A 10 kg rock that has been dropped from a 60 meter high cliff experiences a average force of air resistance of 30 N. Calculate the KE at the bottom of the fall.
"KE is equal to the gravitational potential change minus the work against friction"
KE = PE - (height * frictional force)
KE = gravitational potential change - work against friction
KE = (m g h) - (60 m * 30 N)
mgh does not help me I don't know what it means
my book says PE gravity= mgh this is why I'm getting confused my book calls mgh PE and you say KE??
ok so KE=PE gravity
which is mgh - h x friction force
(10*9.80*60)-(60*30)
=4080 J
To calculate the kinetic energy (KE) at the bottom of the fall, we need to consider two components: the gravitational potential energy (GPE) lost during the fall and the work done against air resistance.

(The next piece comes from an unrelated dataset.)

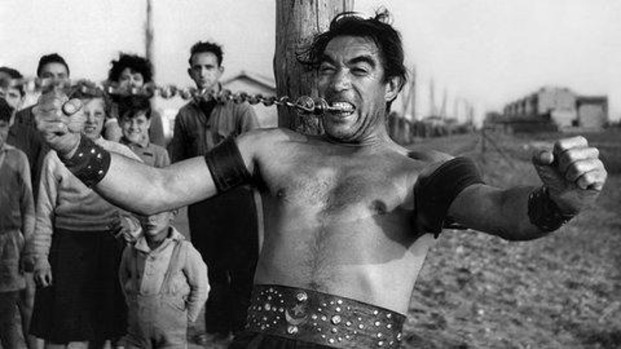 An image from Fellini's La strada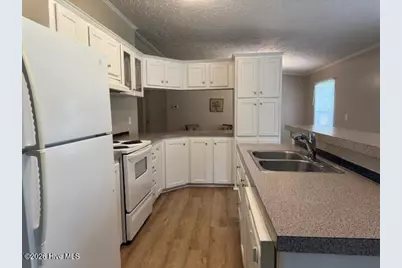 228 Bellhammon Forest Drive, Rocky Point, NC 28457 - Photo 5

1. Calculate the gravitational potential energy (GPE) lost:
GPE = m * g * h
Given:
Mass (m) = 10 kg
Acceleration due to gravity (g) = 9.8 m/s^2
Height (h) = 60 m
GPE = 10 kg * 9.8 m/s^2 * 60 m
GPE = 5880 J
2. Calculate the work done against air resistance:
Work = Force * distance
Given:
Force (F) = 30 N
Distance (d) = 60 m
Work = 30 N * 60 m
Work = 1800 J
3. Calculate the kinetic energy (KE) at the bottom of the fall:
KE = GPE - Work
KE = 5880 J - 1800 J
KE = 4080 J
Therefore, the kinetic energy (KE) at the bottom of the fall is 4080 J.